Christoph Waltz wird einen Oscar bekommen - Kollegen des Inglourious-Basterds-Darstellers rechnen fest damit. Die Chancen stehen nicht schlecht: Bis jetzt hat er alle wichtigen internationalen Preise für die Rolle gewonnen.
Der Oscar-nominierte Schauspieler Christoph Waltz kann nach Meinung seiner Kollegen schon mal den Sekt kalt stellen. «Der Oscar ist ihm nicht zu nehmen, da müsste es schon mit dem Teufel zugehen», sagte sein Inglourious-Basterds-Kollege Til Schweiger laut Focus. Die Schauspielerin Katja Flint, die zweimal mit Waltz drehte, betonte, dass sich die ganze Filmbranche einig sei und ihm den Erfolg gönne: «Sonst gibt's ja viel Neid und Eifersucht, aber da wird man keinen finden, der nicht sagt, das ist wunderschön. Das ist so die Stimmung, die ich spüre, und das ist fast ein kleines Wunder.»
Waltz ist für seine hochgelobte Darstellung des SS-Manns Landa in Quentin Tarantinos Film Inglourious Basterds als bester Nebendarsteller bei der Oscar-Verleihung am 7. März nominiert. Für die Rolle hat er bereits alle wichtigen internationalen Preise eingeheimst.

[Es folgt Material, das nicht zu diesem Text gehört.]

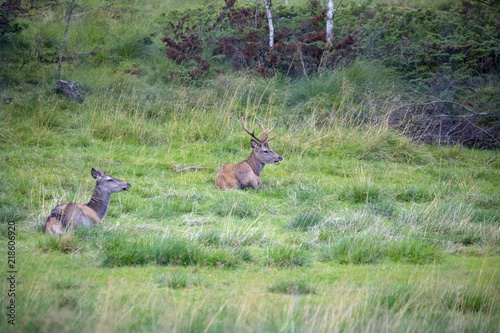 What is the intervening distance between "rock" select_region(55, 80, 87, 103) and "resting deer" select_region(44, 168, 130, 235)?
9060mm

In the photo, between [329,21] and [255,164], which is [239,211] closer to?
[255,164]

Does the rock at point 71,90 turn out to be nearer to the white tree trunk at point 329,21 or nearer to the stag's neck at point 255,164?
the stag's neck at point 255,164

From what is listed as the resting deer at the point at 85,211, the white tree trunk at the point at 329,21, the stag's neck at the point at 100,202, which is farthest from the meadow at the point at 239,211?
the white tree trunk at the point at 329,21

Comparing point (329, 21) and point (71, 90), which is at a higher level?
point (329, 21)

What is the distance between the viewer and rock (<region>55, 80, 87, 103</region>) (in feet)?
52.6

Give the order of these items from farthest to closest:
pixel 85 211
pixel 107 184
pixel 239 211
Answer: pixel 239 211 < pixel 107 184 < pixel 85 211

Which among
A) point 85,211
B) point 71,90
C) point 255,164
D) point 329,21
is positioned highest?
point 329,21

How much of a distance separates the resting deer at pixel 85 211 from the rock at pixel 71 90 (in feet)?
29.7

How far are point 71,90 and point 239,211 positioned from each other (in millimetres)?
10155

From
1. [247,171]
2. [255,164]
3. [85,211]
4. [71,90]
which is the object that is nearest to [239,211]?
[247,171]

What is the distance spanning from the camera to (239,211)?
8.21 m

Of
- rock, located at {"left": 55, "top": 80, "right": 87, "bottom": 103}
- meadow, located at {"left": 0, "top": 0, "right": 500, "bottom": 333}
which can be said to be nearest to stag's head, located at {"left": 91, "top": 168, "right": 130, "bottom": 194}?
meadow, located at {"left": 0, "top": 0, "right": 500, "bottom": 333}

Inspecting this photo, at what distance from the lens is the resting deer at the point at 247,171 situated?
9969 mm

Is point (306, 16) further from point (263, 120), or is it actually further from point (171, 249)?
point (171, 249) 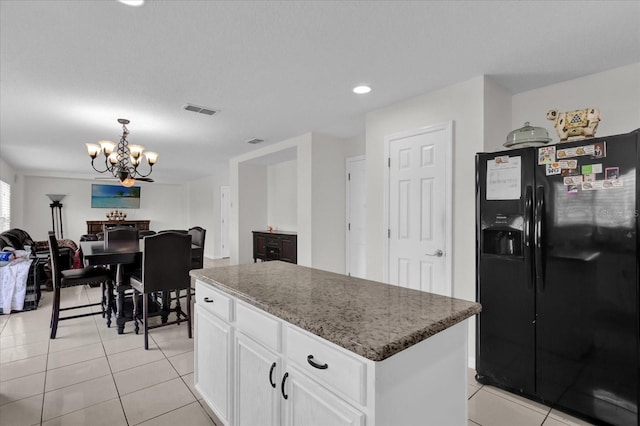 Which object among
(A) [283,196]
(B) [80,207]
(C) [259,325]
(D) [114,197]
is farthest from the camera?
(D) [114,197]

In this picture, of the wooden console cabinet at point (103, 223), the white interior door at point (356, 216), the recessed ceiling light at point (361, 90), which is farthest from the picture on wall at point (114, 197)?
the recessed ceiling light at point (361, 90)

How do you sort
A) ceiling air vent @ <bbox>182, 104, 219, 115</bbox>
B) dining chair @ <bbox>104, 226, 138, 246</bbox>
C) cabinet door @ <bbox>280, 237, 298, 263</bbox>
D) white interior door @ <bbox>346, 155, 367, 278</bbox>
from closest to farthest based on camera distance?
ceiling air vent @ <bbox>182, 104, 219, 115</bbox> < white interior door @ <bbox>346, 155, 367, 278</bbox> < dining chair @ <bbox>104, 226, 138, 246</bbox> < cabinet door @ <bbox>280, 237, 298, 263</bbox>

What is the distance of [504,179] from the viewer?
7.30 ft

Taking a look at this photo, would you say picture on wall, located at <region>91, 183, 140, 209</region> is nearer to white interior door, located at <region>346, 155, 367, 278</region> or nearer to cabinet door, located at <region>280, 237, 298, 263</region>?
cabinet door, located at <region>280, 237, 298, 263</region>

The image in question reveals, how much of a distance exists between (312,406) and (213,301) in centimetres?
93

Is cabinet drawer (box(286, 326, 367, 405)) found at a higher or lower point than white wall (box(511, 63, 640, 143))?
lower

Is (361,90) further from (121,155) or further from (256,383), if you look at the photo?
(121,155)

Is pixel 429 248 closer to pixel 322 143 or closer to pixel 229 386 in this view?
pixel 229 386

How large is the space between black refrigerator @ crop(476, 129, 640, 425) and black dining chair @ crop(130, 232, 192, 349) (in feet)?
8.93

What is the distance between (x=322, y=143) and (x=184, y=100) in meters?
2.04

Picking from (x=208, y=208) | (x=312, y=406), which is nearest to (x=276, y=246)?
(x=312, y=406)

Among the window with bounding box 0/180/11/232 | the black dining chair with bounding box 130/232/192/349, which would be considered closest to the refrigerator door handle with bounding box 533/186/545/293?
the black dining chair with bounding box 130/232/192/349

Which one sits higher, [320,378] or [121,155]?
[121,155]

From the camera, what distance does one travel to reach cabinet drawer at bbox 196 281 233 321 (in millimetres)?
1652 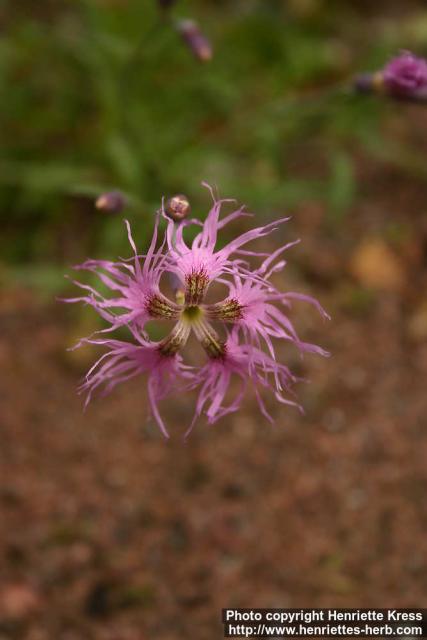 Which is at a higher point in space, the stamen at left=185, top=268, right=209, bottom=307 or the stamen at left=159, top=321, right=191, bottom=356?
the stamen at left=185, top=268, right=209, bottom=307

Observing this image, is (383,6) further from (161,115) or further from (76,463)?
(76,463)

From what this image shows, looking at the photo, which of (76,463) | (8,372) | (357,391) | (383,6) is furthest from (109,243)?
(383,6)

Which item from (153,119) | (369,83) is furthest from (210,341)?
(153,119)

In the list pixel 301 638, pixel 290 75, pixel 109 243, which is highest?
pixel 290 75

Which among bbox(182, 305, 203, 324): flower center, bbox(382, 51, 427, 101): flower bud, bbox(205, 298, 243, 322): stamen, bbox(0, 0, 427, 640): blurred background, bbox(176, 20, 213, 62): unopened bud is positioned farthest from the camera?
bbox(176, 20, 213, 62): unopened bud

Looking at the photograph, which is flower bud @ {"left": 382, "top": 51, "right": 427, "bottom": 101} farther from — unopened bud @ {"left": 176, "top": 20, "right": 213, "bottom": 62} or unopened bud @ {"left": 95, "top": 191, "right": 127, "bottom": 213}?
unopened bud @ {"left": 95, "top": 191, "right": 127, "bottom": 213}

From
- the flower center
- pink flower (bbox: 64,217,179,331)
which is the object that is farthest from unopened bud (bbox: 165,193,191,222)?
the flower center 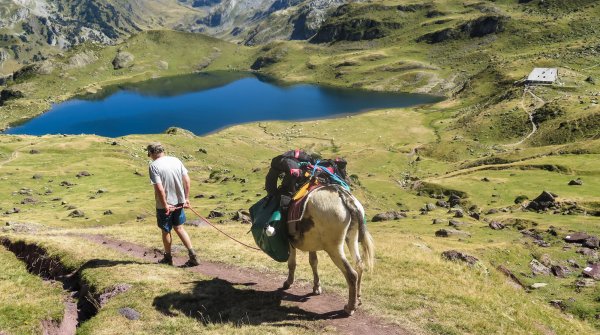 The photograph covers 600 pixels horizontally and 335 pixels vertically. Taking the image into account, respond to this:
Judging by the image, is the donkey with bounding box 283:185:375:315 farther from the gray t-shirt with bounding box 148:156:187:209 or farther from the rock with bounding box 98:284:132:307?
the rock with bounding box 98:284:132:307

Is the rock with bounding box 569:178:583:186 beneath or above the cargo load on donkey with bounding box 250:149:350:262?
beneath

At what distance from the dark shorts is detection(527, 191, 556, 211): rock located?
150 feet

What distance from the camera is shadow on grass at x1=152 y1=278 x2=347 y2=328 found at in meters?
12.8

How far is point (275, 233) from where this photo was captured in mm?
13555

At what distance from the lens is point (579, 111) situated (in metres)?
108

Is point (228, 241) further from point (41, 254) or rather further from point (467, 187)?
point (467, 187)

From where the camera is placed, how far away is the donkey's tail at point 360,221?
1249 cm

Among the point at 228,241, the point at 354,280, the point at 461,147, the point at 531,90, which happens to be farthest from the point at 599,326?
the point at 531,90

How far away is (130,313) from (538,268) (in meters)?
24.9

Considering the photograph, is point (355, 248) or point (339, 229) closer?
point (339, 229)

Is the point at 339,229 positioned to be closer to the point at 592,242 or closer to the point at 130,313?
the point at 130,313

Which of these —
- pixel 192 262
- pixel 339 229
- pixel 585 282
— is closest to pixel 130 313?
pixel 192 262

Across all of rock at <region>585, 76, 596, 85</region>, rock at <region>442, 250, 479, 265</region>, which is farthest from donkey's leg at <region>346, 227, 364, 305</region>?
rock at <region>585, 76, 596, 85</region>

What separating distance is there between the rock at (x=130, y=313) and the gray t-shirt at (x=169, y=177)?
3.93m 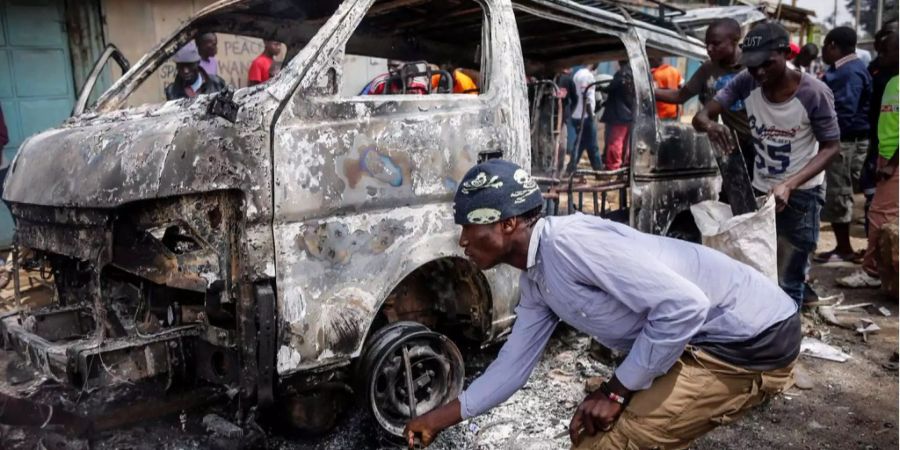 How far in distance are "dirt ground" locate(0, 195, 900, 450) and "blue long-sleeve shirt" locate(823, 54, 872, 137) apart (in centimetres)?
262

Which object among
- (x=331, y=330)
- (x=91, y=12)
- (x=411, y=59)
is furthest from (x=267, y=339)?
(x=91, y=12)

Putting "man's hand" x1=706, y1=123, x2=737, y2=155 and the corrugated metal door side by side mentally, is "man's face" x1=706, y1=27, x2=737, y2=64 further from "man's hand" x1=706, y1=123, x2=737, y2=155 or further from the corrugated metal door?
the corrugated metal door

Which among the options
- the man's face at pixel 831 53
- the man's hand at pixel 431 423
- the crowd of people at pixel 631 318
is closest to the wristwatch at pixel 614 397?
the crowd of people at pixel 631 318

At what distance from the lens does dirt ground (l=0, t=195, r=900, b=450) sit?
3.00m

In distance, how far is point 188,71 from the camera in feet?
16.2

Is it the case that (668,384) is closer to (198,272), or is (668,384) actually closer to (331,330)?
(331,330)

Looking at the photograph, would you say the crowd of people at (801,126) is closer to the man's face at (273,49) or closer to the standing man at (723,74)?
the standing man at (723,74)

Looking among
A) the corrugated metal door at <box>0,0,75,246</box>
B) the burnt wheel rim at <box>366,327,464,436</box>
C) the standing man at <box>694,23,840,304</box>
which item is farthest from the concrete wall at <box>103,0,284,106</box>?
the standing man at <box>694,23,840,304</box>

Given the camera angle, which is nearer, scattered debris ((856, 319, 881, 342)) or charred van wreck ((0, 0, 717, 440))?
charred van wreck ((0, 0, 717, 440))

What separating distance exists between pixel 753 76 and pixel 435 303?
7.60 ft

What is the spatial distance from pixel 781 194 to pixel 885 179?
2.33 meters

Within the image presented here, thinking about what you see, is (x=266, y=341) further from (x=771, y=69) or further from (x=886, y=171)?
(x=886, y=171)

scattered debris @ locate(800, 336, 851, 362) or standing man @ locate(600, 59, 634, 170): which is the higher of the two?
standing man @ locate(600, 59, 634, 170)

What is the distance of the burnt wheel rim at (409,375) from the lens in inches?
115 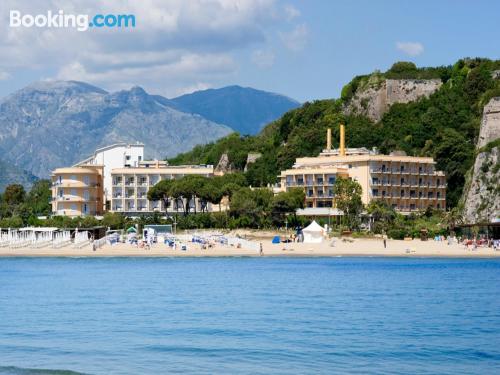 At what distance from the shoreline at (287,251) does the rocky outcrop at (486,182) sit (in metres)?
6.43

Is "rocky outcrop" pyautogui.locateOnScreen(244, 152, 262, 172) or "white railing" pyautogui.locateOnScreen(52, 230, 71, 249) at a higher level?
"rocky outcrop" pyautogui.locateOnScreen(244, 152, 262, 172)

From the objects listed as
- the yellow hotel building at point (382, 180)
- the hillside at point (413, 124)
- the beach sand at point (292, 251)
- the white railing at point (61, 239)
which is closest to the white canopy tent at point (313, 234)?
the beach sand at point (292, 251)

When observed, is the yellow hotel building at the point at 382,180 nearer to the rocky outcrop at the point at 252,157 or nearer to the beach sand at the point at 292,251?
the rocky outcrop at the point at 252,157

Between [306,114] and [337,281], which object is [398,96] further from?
[337,281]

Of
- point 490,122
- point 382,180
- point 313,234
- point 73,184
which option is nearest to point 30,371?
point 313,234

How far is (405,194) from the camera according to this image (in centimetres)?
10875

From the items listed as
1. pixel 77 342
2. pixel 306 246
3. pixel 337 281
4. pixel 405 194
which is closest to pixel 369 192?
pixel 405 194

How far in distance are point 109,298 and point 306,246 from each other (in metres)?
41.0

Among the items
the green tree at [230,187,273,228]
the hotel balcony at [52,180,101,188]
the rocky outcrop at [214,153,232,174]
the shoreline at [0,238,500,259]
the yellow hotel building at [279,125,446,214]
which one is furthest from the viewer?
the rocky outcrop at [214,153,232,174]

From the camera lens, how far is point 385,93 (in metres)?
123

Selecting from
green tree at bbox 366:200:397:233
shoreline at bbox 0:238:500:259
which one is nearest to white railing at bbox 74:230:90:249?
shoreline at bbox 0:238:500:259

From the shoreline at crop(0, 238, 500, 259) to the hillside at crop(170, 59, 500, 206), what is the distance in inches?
1095

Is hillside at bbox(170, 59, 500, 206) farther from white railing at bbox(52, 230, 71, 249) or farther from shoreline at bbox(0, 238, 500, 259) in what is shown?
white railing at bbox(52, 230, 71, 249)

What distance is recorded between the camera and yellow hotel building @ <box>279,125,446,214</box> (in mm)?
106375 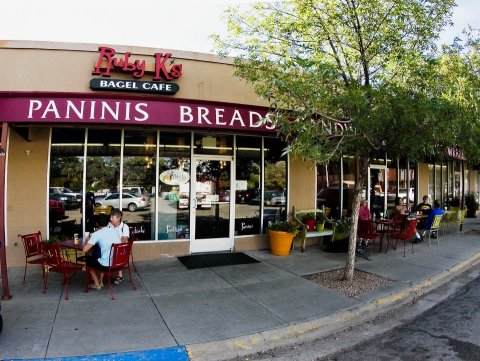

August Diehl, der ebenfalls in dem Film mitwirkte, sagte, er freue sich «einfach riesig für ihn, ich finde die ganze Geschichte auch so toll, weil Waltz in letzter Zeit nur noch wahnsinnig wenig gemacht hat, und dann kam diese Anfrage, und die hat ja alles komplett geändert. Das gibt jedem von uns Riesenmut, dass es immer so laufen kann, egal, in welchem Alter».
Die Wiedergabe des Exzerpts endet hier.